37.8 F
Chicago
Wednesday, March 12, 2025

Gordon Johnson: Despite Positive China Numbers, Tesla’s Q1 Earnings Setting Up For “Epic Disaster”

Must read

Gordon Johnson: Despite Positive China Numbers, Tesla’s Q1 Earnings Setting Up For “Epic Disaster”

Tesla’s 35% rise in sales in China for the month of March may be good news for today, but it likely won’t change what will be a disappointing Q1 for the company, according to Tesla skeptic and bear Gordon Johnson of GLJ Research.

Johnson put out a note on Tuesday, following the China numbers being reported, claiming that despite the beat of expectations, he still believes there is a Q1 earnings miss of “herculean proportions” on its way. 

“In 1Q22, 2Q22, 3Q22, 4Q22, and 1Q23, TSLA produced 305.4K, 258.6K, 365.9K, 439.7K, and 440.8K cars, respectively.

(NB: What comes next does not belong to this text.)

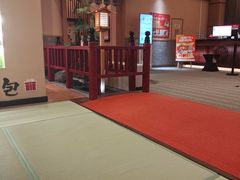 -大江户·温泉洗浴(浑南店)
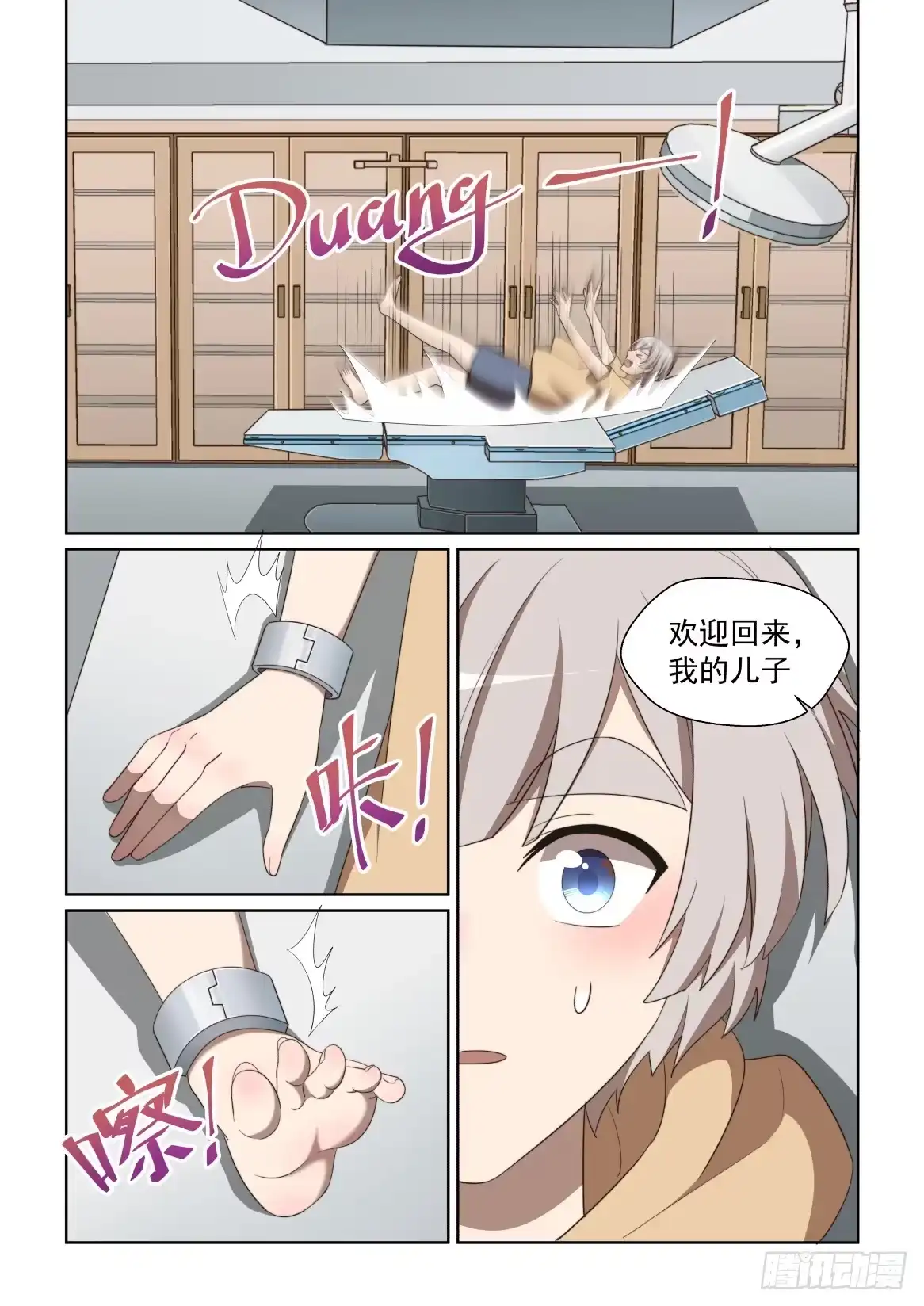 《血统学园》145话：猎物的反抗 第8页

Stated differently, that’s 2Q22 production growth of -15.3% QoQ (when TSLA’s margins fell -226bps QoQ), 3Q22 production growth of +41.5% QoQ (when TSLA’s margins gained +47bps QoQ), and 4Q22 production growth of +20.2% QoQ (when TSLA’s margins fell -319bps QoQ),” Johnson wrote.

But he notes that Q1 production was essentially flat, sequentially, and then asks: “Where are the production efficiencies/cost savings going to come from?”

“In the car [manufacturing business] there are three ways to cut prices, namely lower labor costs (good luck with that in 1Q23), lower input costs (lithium is lower, but other items are up), and higher fixed cost absorption (i.e., TSLA’s main cost driver historically). Yet, in 1Q23, with production essentially flat QoQ, there will be NO fixed cost absorption.”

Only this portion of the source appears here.